LONDON (Reuters) - British lawmakers are to hold a debate on a petition signed by more than half a million people calling for U.S. Republican presidential candidate Donald Trump to be barred from Britain after his proposal to stop Muslims entering the United States.
The debate, called by the Petitions Committee of the lower house of parliament, will be held on Jan. 18 but will not be followed by a vote.
The British government responds to all petitions that gain more than 10,000 signatures and topics are considered for parliamentary debate if they reach 100,000.
"By scheduling a debate ... the Committee is not expressing a view on whether or not the government should exclude Donald Trump from the UK," said committee chairwoman Helen Jones.

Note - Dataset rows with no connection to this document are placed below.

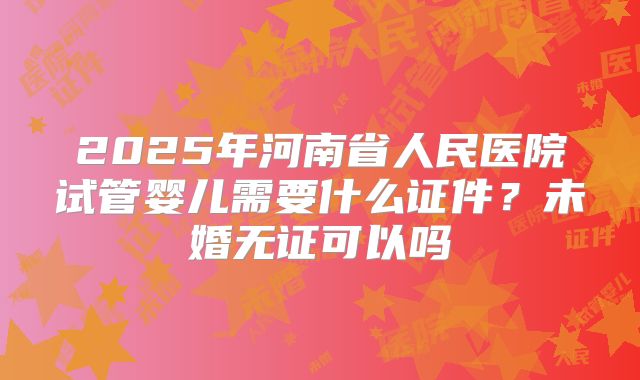2025年河南省人民医院试管婴儿需要什么证件?未婚无证可以吗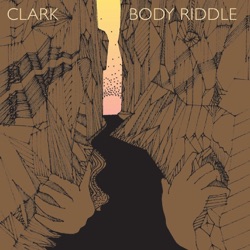Clark - Dew On the Mouth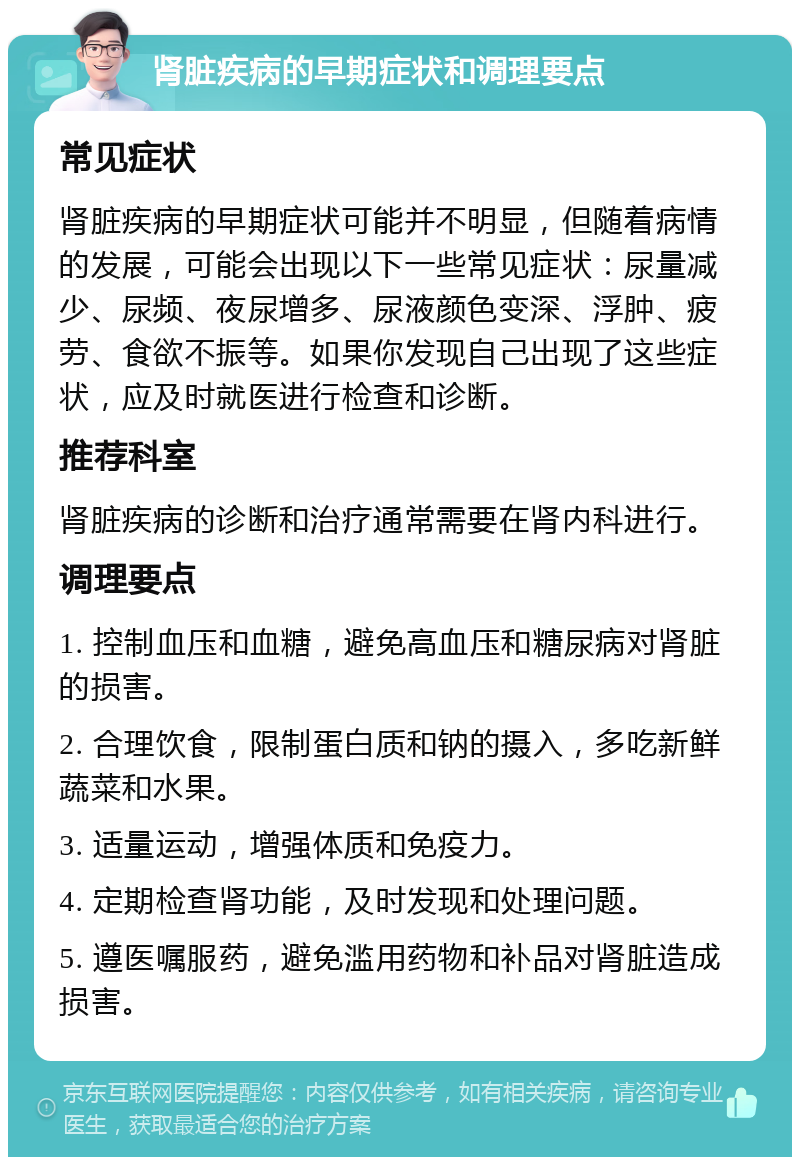 肾脏疾病的早期症状和调理要点 常见症状 肾脏疾病的早期症状可能并不明显，但随着病情的发展，可能会出现以下一些常见症状：尿量减少、尿频、夜尿增多、尿液颜色变深、浮肿、疲劳、食欲不振等。如果你发现自己出现了这些症状，应及时就医进行检查和诊断。 推荐科室 肾脏疾病的诊断和治疗通常需要在肾内科进行。 调理要点 1. 控制血压和血糖，避免高血压和糖尿病对肾脏的损害。 2. 合理饮食，限制蛋白质和钠的摄入，多吃新鲜蔬菜和水果。 3. 适量运动，增强体质和免疫力。 4. 定期检查肾功能，及时发现和处理问题。 5. 遵医嘱服药，避免滥用药物和补品对肾脏造成损害。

"As with any decision to schedule a petition for debate, it simply means that the committee has decided that the subject should be debated," she said in a statement. "A debate will allow a range of views to be expressed."
Last month Trump, a billionaire developer and frontrunner for the Republican presidential nomination, prompted international outrage with his call for a ban on all Muslims entering the United States. His comments followed a shooting spree by two Muslims who the FBI said had been radicalised.

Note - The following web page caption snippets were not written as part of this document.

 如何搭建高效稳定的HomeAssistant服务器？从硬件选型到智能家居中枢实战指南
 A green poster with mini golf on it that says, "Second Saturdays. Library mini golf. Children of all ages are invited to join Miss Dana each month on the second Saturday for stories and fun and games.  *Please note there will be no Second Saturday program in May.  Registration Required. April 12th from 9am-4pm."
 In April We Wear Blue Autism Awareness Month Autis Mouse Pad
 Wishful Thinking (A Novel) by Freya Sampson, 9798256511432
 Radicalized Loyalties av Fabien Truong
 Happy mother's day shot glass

British Prime Minister David Cameron said the comments were "divisive, unhelpful and quite simply wrong". His finance minister George Osborne said Trump's comments flew in the face of the founding principles of the United States but that banning him from Britain was not the best way to respond.
Britain is a close ally of the United States, including in the Western military campaign targeting Islamist militants in Iraq and Syria.

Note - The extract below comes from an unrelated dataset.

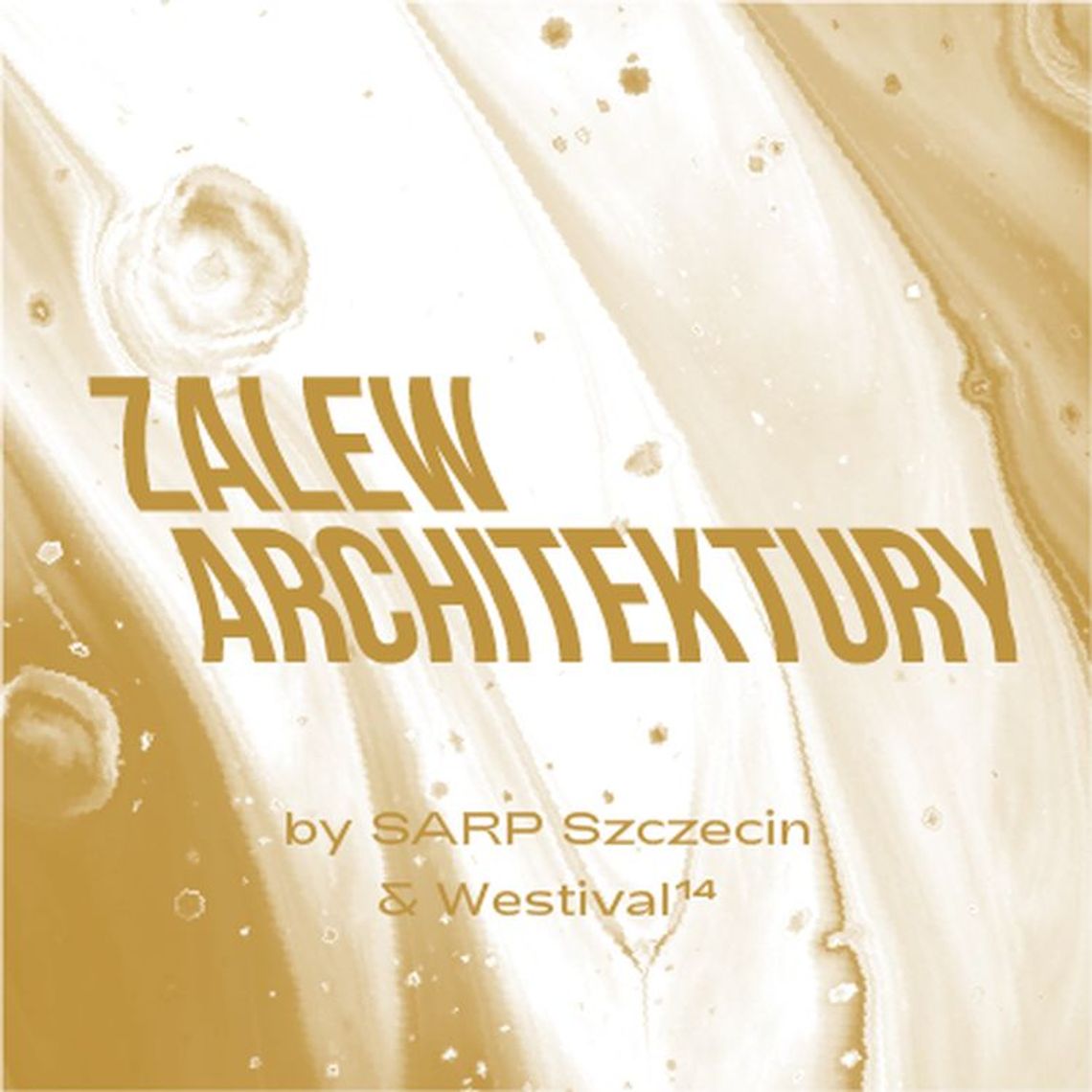 To ma być zwiastun Westivalu Achitektury To ma być zwiastun Westivalu Achitektury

Trump owns two golf courses in Scotland which he visited in 2015.
In the past, people have been banned from entering Britain for fostering hatred that might provoke inter-community violence.
The petition said: "If the United Kingdom is to continue applying the 'unacceptable behavior' criteria to those who wish to enter its borders, it must be fairly applied to the rich as well as poor, and the weak as well as the powerful."
It was launched by Suzanne Kelly, a Scottish-based campaigner and longtime critic of Trump's latest golf course in Aberdeenshire.